[This post was created by Jason Howell, Senior Escalation Engineer in the SQL Server Support team specializing in MDS]
SQL Server 2008 R2 Service pack 1 was released in July 2011, as well as CU#1 for Service Pack 1 a few days afterwards, and CU #2 just yesterday August 15th, 2011.
The purpose of this blog is to call out the difference in finding and running the download specifically for Service Pack 1, since it is packaged and extracted differently that Cumulative Updates.

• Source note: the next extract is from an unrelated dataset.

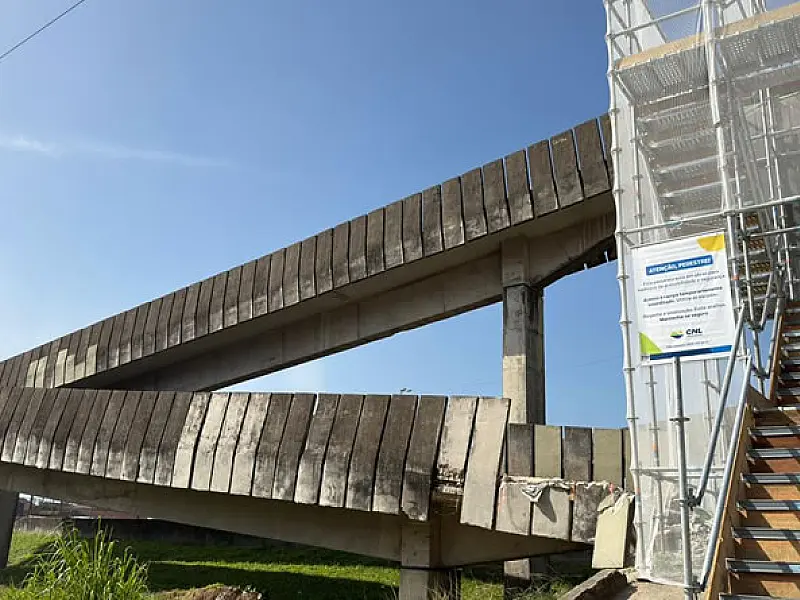 CNL avança em nova etapa de modernização de passarelas na SP-055 com obras em Itanhaém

Other than the download & extraction steps, it is pretty much the same process as other Cumulative Updates for MDS. Steps 1 and 3 are the main differences here as compared to this this prior blog post.
Installing the Service Pack 1 for MDS requires manual intervention in this release, and running the typical Service Pack 1 setup for the other parts of SQL Server itself is not enough to patch MDS databases and websites.
If your server does not have an existing MDS installation, you can install a fresh copy of MDS following these steps in MSDN: Installing and Configuring Master Data Services You can use the SP1 MSI to install a fresh copy of MDS if needed.
If you already have a copy of MDS up and running, you can patch the existing instance with Service Pack 1 updates.
Always test the update and upgrade process in a non-production environment before applying an update and upgrading the MDS database in your production environment.
The first step is to download the service pack.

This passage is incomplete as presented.